2020年のプロ野球がようやく開幕。新型コロナウイルス対策のために、無観客試合でのスタートとなる。これまでに経験したことがない……と言われがちだが、かつてのパシフィック・リーグの試合では、球場の客席がガラガラ、ほぼ無観客状態も当たり前だった。
数少ない観客の目に、選手たちのプレーはどう映っていたのか。1970年代のパ・リーグを熱烈に応援した大阪の料理人・神田川俊郎氏(81)が語る。
「南海ホークスのノムさん(故・野村克也氏)と親しくさせてもらっていたので、大阪球場によく行きました。ミナミのど真ん中の狭い敷地内にあったスタンドが急勾配のすり鉢球場で、キャッチャーミットに入ったボールの音が響いて迫力がありました。

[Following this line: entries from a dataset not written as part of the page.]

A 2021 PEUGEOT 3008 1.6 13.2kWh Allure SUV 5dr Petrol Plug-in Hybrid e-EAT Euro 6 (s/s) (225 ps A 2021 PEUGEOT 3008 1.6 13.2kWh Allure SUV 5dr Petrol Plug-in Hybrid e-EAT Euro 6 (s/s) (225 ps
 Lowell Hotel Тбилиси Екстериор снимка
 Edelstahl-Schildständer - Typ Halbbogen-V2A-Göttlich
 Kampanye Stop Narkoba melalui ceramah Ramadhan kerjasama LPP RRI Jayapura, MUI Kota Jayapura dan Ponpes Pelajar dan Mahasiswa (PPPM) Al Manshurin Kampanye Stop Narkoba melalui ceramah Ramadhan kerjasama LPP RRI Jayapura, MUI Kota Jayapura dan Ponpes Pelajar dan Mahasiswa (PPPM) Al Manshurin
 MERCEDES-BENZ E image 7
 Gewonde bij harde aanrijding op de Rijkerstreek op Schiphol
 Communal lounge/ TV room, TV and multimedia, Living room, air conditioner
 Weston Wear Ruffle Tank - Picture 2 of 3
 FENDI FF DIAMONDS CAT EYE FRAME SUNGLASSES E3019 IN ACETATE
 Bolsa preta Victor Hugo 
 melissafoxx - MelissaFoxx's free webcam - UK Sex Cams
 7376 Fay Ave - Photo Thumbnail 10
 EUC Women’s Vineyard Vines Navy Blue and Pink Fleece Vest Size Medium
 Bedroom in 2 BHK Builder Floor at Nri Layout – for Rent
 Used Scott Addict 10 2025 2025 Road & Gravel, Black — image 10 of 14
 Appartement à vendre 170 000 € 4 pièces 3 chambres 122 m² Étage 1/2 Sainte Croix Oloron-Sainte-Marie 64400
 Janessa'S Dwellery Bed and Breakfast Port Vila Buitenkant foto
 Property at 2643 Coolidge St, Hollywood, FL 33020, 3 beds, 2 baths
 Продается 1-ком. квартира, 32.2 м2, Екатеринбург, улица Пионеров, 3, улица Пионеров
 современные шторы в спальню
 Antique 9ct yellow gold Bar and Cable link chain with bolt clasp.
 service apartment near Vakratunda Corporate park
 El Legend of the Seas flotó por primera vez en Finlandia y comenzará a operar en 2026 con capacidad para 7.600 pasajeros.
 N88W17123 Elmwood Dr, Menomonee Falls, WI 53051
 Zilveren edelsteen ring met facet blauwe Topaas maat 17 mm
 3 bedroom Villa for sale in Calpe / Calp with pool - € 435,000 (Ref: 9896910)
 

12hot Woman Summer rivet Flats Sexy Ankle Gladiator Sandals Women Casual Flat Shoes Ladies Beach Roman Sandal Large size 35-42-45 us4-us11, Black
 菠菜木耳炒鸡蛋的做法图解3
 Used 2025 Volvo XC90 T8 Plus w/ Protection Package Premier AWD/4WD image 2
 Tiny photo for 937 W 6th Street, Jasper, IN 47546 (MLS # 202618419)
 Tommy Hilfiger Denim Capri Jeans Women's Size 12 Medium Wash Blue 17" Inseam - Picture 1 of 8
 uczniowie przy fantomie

スタンドにお客さんがほとんどいないので、プレーの音がよく聞こえたことを覚えています。打球の音を聞けばスタンドインするか、フェンス前で失速するかわかったし、ミットの音でピッチャーの調子もわかりました。グラウンドの音を含めて観戦していた感じやね」
静寂に包まれた球場で、投手が「打てるものなら打ってみろ」と渾身の直球を投げ込み、打者がフルスイングで応える。野球を愛する観客が固唾をのみ、真剣勝負を見守る。それが“ほぼ無観客試合”の醍醐味だったのかもしれない。当然、ファンの目は肥える。
1970年に南海に入団し、1992年に44歳で引退するまで、パ・リーグ一筋でスラッガーとして活躍した門田博光氏(72)が振り返る。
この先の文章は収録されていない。